There’s so much in senior year that’s celebratory, cumulative, and icing-on-the-cake-ish. It’s a chance to celebrate you and the culmination of 13 years from the moment you walked into kindergarten with your velcro shoes and Little Mermaid backpack when telling time and writing your name were your biggest challenges to the moment you walk out of high school in yoga pants and leg warmers (yes, they’re back) able to quote Shakespeare, explain the double helix, and play Take Five on the saxophone. A journey worth completing, a rite of passage worth celebrating.  


Pondering this, I recently recruited the wisdom of Facebook friends, asking their thoughts on senior year and early graduation. Here’s a sampling of their responses:


from recent HS grads:


  • I feel like if I had needed to go to college after junior year I probably could have done it but senior year gave me time to really be ready to move on. I think it would have been a shock to move to a huge campus setting a year earlier than I did.
  • Senior year was my favorite year of high school! I got to take classes that I really enjoyed and these classes gave me skills that I'm currently using in college. Besides academics, I felt that my extra curriculars, like theatre and choir, were the most rewarding during my senior year. I'm incredibly thankful I had all of that time to spend with my favorite people.
  • Being able to graduate and experience those "lasts" of senior year with the people and friends I grew up with from grade school is important, I think. I've always believed that with anything in life the journey is just as important as the destination (as cliche as that might sound), especially when you’re young.


from Adults (friends and colleagues):

  • I think it's indicative of a problem in our culture, no one lives in the moment, they are constantly looking forward to the next thing. No one enjoys the here and now.
  • I really became comfortable in my own skin during my senior year. I stopped caring so much about what other people thought of me. I grew out of that teenage funk and sprouted grownup wings.
  • Senior year is when it all somehow came together for me. Without realizing it, I become a leader and became responsible for myself. And by the end of senior year, I was finally ready to leave it, the perfect confluence of events.
  • Frontal brain development! No matter how mature or intelligent someone seems, that frontal lobe is just not developed. Only time can do that.
  • Hurry up and finish high school so you can hurry up and get through college so you can hurry up and work for the rest of your life?! It's about the journey--not about racing to the finish line. And college is a whole lot more expensive - financial aid and scholarships just aren’t there for early grads.
  • One year at that time in your life is HUGE. I wasn’t ready for the freedom and risks and temptations at college. I probably thought I was, but I wasn’t.

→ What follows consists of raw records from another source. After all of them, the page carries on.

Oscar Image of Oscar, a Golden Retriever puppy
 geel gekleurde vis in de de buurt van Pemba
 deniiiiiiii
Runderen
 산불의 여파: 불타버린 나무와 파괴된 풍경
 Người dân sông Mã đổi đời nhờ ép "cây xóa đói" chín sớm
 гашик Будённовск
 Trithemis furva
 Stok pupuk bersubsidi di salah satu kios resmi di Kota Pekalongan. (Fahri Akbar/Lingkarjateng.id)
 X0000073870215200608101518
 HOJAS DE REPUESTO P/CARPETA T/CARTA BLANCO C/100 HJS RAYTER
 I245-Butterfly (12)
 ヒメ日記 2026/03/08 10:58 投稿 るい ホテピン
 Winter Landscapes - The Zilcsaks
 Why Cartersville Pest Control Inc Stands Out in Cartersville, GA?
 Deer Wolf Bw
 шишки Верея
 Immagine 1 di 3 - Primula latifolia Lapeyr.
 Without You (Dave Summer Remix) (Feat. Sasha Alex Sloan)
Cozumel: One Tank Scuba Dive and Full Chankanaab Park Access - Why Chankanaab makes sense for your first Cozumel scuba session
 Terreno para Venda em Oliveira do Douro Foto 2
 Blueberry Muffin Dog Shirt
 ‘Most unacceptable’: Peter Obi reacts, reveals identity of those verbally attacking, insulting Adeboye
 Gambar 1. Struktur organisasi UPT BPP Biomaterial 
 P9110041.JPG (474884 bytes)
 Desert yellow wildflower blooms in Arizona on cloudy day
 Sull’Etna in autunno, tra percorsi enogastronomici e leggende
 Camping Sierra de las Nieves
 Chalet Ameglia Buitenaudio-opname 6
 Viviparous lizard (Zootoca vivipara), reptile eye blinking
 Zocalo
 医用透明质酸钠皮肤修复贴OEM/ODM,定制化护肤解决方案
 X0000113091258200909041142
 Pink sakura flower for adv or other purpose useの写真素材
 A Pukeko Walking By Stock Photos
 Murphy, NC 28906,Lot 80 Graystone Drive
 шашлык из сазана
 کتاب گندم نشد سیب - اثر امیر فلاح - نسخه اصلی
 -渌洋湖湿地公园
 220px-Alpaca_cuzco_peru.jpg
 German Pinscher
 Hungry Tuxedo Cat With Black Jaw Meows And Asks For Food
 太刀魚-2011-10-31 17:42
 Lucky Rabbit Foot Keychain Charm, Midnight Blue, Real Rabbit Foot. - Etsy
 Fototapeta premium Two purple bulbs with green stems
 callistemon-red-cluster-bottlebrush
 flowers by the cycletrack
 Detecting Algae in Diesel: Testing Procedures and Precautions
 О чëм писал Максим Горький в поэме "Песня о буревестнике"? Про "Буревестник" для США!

I must also note one of my FB friends who veered from the “pro senior year” camp, wisely pointing out that “not every student has a perfect home life...and moving on is in their best interest.” She also pointed out my central contradiction: that if I didn’t think early graduation was a good idea, perhaps I should consider not writing you a letter of recommendation.  


As your teacher, though, I believe it’s my job to teach you, support you, and prepare you for your next step, whatever that may be. It’s my job to write a letter of recommendation that honestly represents you and conveys your abilities. It’s your job to decide what those next steps are.


So now, two letters are complete: one about you as a student, someone who can, if she chooses, face the rigors of college one year early; and one to you as a person, someone I care about, someone whose ultimate decision I will wholly respect.


Best of luck to you, Cassidy.*


With fondness,
Mrs. Felske


*Name has been changed to protect the scholarly.